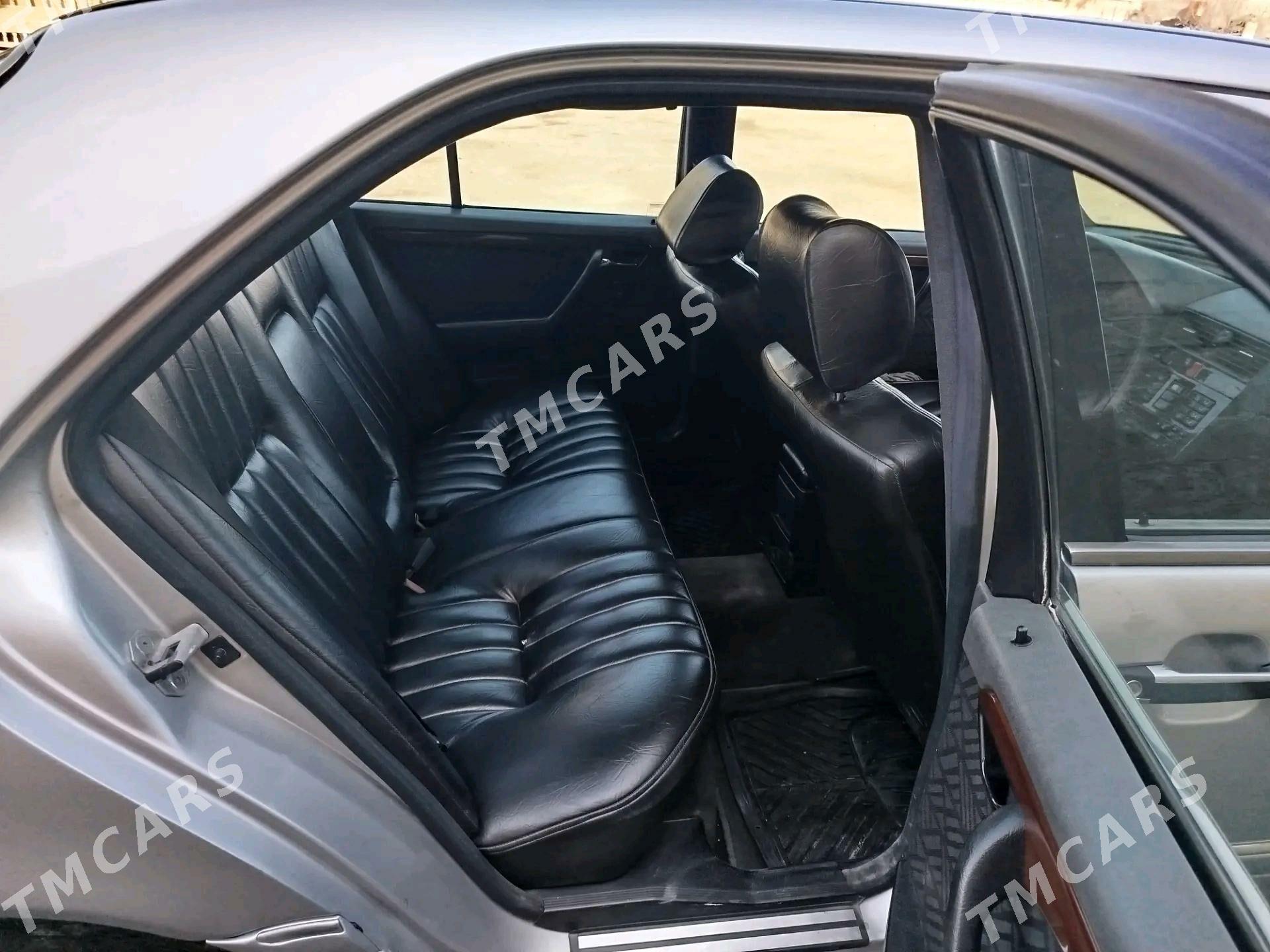 Mercedes-Benz C-Class 1994 - 45 000 TMT - Туркменбаши - img 3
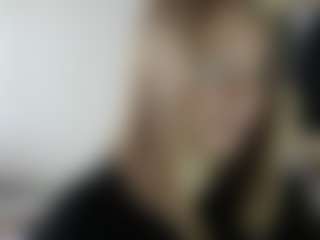 Live cam show with Luna - Upskirt on Soda Cam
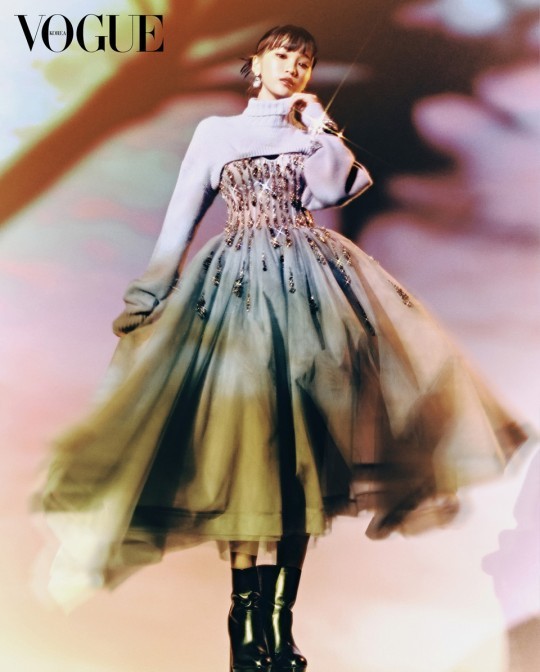 LE SSERAFIM Kim Chae‑won, dreamy visuals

•••

• **Your objective**
Pictures aside, print every line of the material exactly.

• **Solution**
 Mercedes-Benz C-Class 1994 - 45 000 TMT - Туркменбаши - img 3
 Live cam show with Luna - Upskirt on Soda Cam
 LE SSERAFIM Kim Chae‑won, dreamy visuals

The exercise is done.